Golf in the US is wrestling with an exodus from the sport. About 400,000 American players quit golfing last year, according to the National Golf Foundation. While almost 260,000 women took up golf, some 650,000 men gave it up.
The $125,000 data-gathering program is being funded by Chevron. The Far Hills, New Jersey-based USGA will use eight interns from its P.J. Boatwright Jr internship program to collect data during a wide variety of events at 30 to 40 US courses this summer.
In total, about 6,500 rounds will be tracked at each course between mid-May and August, giving the group about 26,000 rounds of data to analyse.
Engineers at USGA headquarters, led by technical Director Matt Pringle, will then analyse the player-tracking data as a way to better understand golfers' behaviours, course set-up and design features and the effect they have on the pace of play.
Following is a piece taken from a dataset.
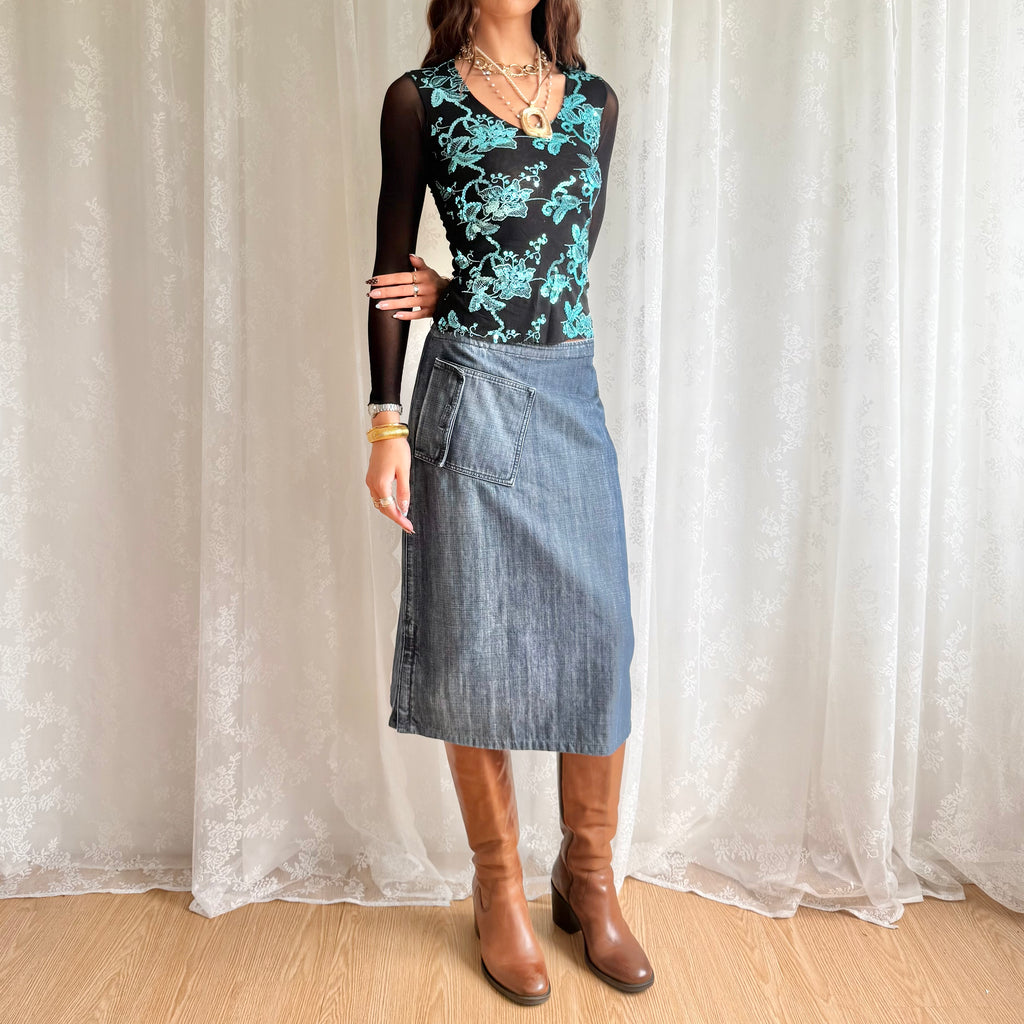 Denim Midi Skirt - Size M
"There's a lot of conventional wisdom, but we're sitting here in 2014 and by all accounts pace-of-play is still a major problem in golf," Pringle, a 42-year-old Canadian with a PhD in engineering from Ontario's McMaster University, said in a telephone interview. "Clearly, it hasn't been addressed effectively."
A National Golf Foundation survey in 2012 showed that 58 per cent of avid golfers said 4 hours and 30 minutes is "too long." That's eight minutes longer than the average time the group found for a round on public US courses.
By addressing slow play with data, the USGA said it wants to improve the experience of golfers. In a separate 2013 National Golf Foundation survey, 91 per cent of serious golfers said they are bothered by slow play and 70 per cent said they believe the issue has worsened over time.
"We don't want golfers giving up the game because it takes 5 1/2 hours to play," Pringle said. "That's our one and only goal."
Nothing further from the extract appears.